WHAT THE TASK REQUIRES: Faithfully repeat each entry below, minus the pictures.

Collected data
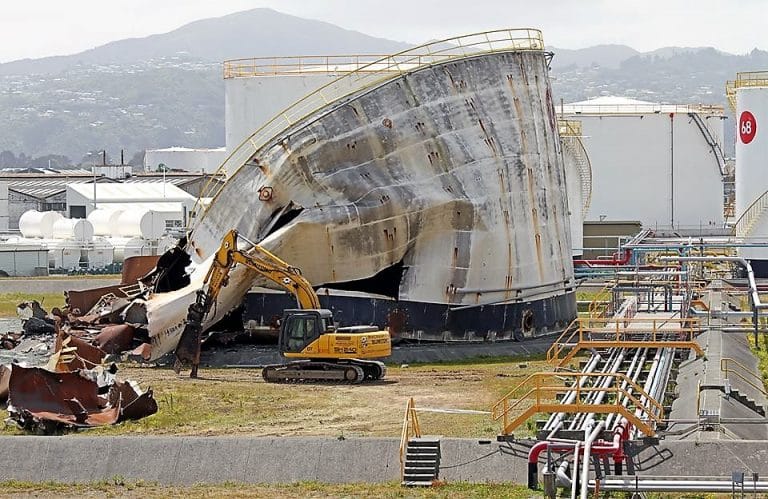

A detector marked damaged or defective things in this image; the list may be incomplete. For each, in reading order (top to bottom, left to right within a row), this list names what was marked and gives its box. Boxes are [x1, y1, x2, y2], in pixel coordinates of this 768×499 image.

corroded metal sheet [144, 48, 576, 360]
rusty tank wall [192, 50, 576, 304]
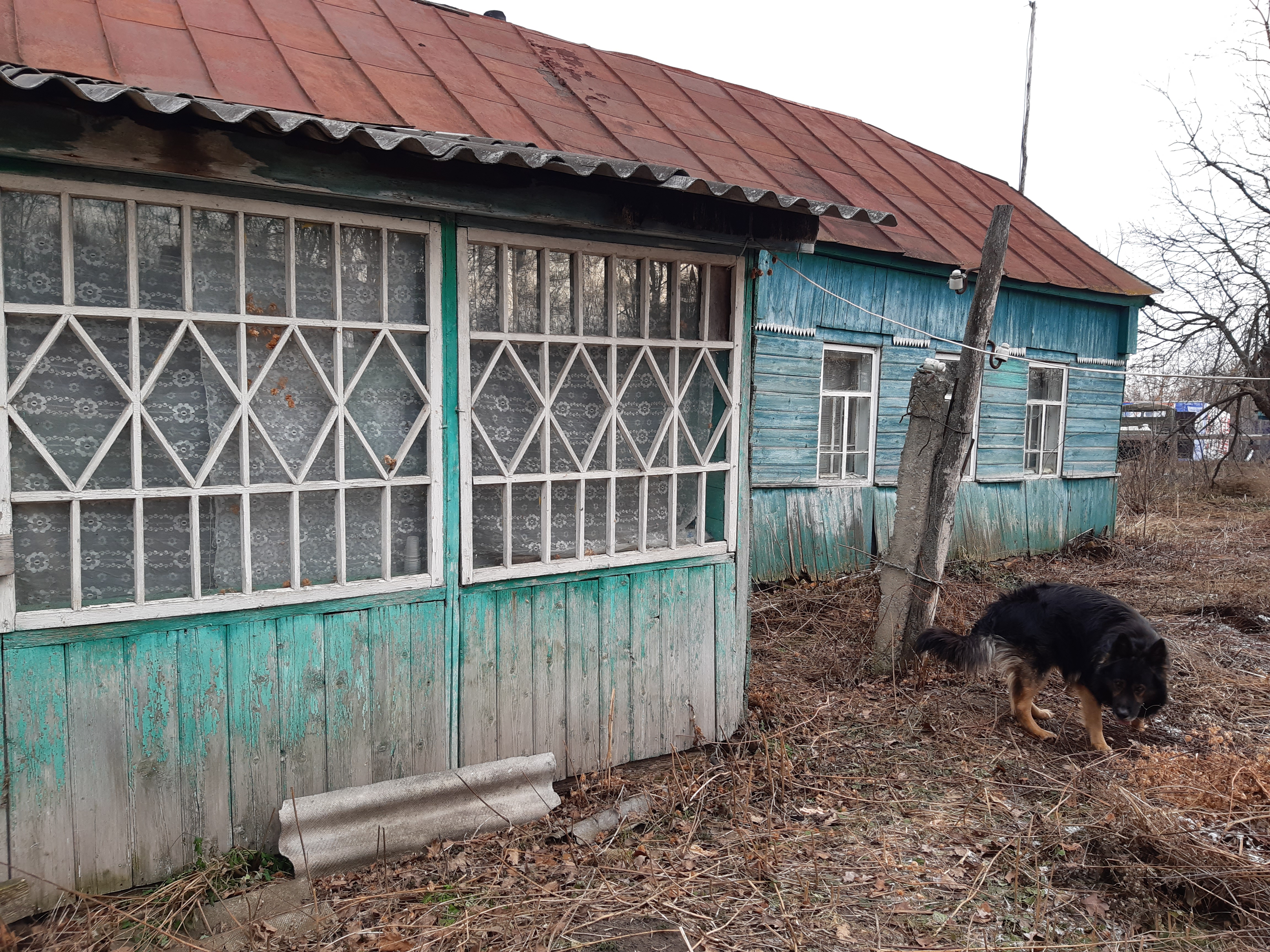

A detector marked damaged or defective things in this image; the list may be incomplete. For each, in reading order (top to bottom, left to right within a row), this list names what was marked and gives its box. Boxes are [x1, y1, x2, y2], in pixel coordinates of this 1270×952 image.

rusted metal sheet [0, 64, 894, 227]
rusted metal sheet [0, 2, 1153, 297]
rusty metal roof [0, 0, 1158, 297]
rusted metal sheet [281, 751, 564, 878]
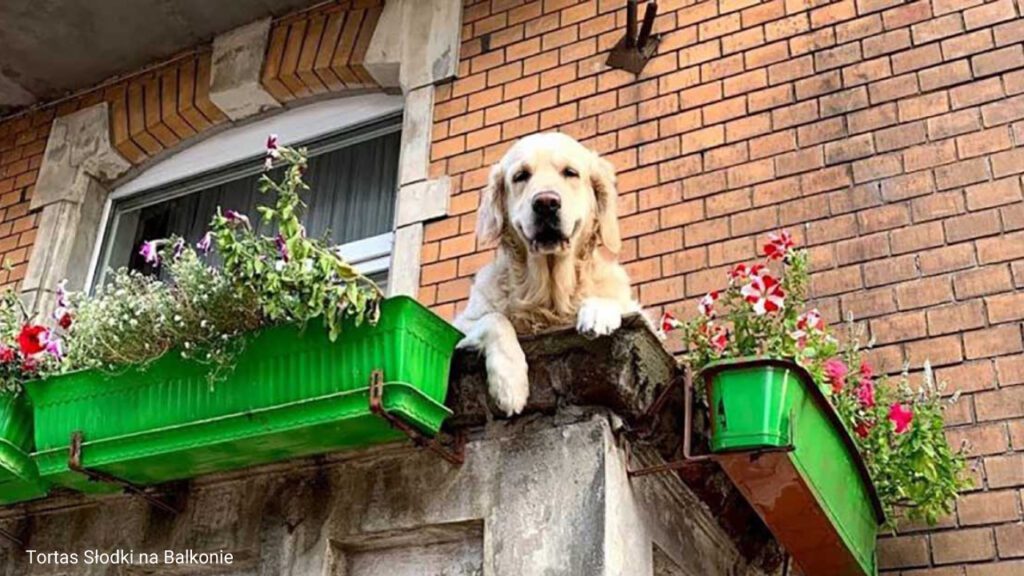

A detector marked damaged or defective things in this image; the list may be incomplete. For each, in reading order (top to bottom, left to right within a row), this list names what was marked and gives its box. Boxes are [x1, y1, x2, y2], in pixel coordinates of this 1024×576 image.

rusty metal bracket [602, 0, 659, 75]
rusted metal bar [368, 368, 464, 463]
rusty metal bracket [368, 366, 464, 467]
rusted metal bar [66, 430, 178, 510]
rusty metal bracket [67, 428, 178, 512]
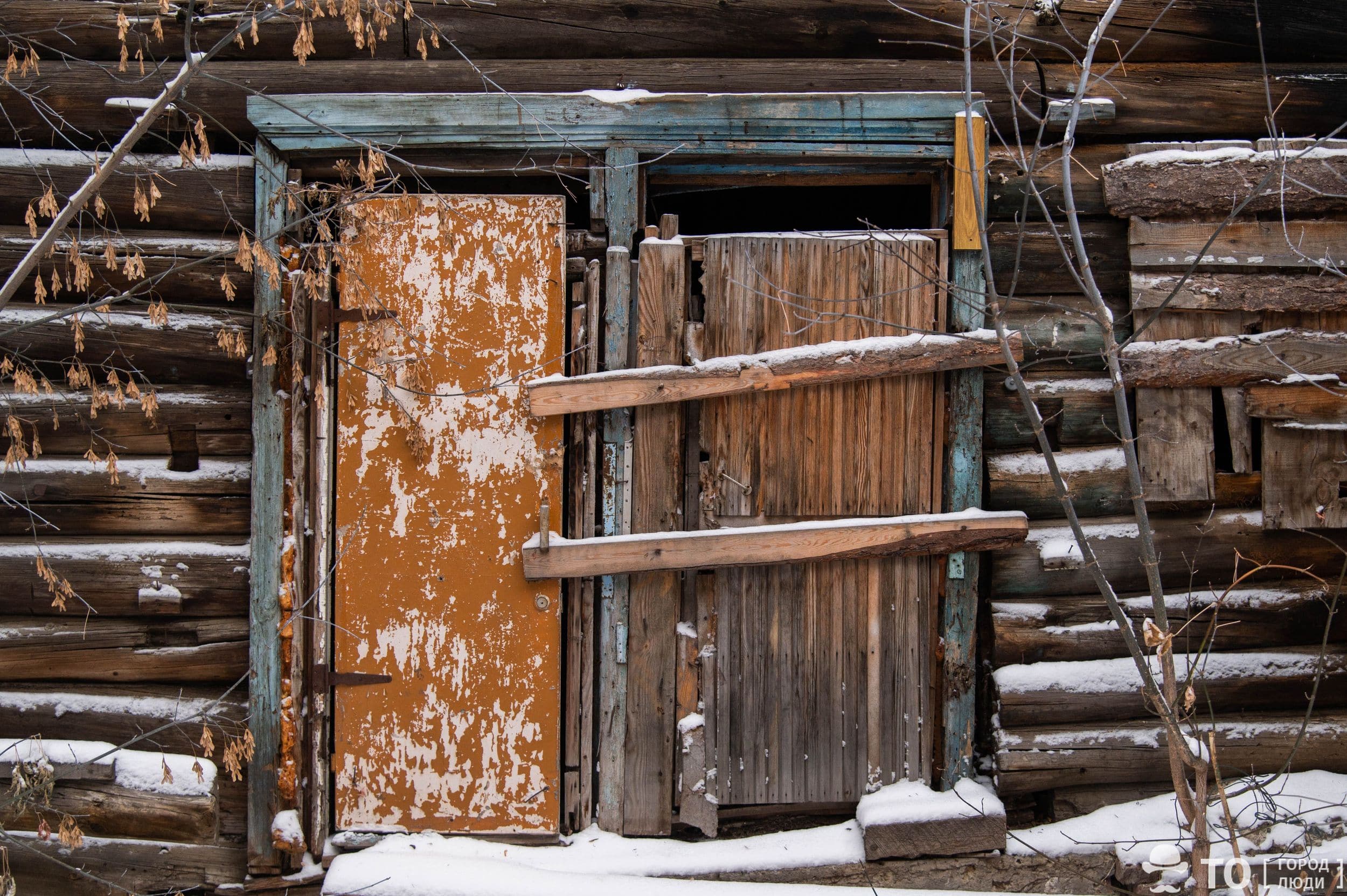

FINISHED EXERCISE:
A detector marked damaged or defective things in this image; the list may be incomplete. For each, in reading order (top to bottom, left to right within a row), this list names what was marked and gives its box. Boxes are [x1, y1, x2, y2], in pixel coordinates of this 768×499 image.

corroded metal sheet [144, 48, 576, 360]
rusty tank wall [192, 50, 576, 304]

A detector marked damaged or defective things in this image; the list may be incomplete. For each, in reading order (top to bottom, left to right within a row), this list names what was marked and gives its box. Boxes are [x1, y1, x2, y2], in pixel coordinates of this 1270×952 image.

rusted metal sheet [0, 64, 894, 227]
rusted metal sheet [0, 2, 1153, 297]
rusty metal roof [0, 0, 1158, 297]
rusted metal sheet [281, 751, 564, 878]

A detector marked damaged or defective things in this image; the list may be incomplete. For each, in reading order (top to bottom, left to right within a row), this list names what was marked and gives its box. Boxes are [x1, y1, x2, y2], in pixel coordinates of this 1024×576 image.

rusty metal bracket [602, 0, 659, 75]
rusted metal bar [368, 368, 464, 463]
rusty metal bracket [368, 366, 464, 467]
rusted metal bar [66, 430, 178, 510]
rusty metal bracket [67, 428, 178, 512]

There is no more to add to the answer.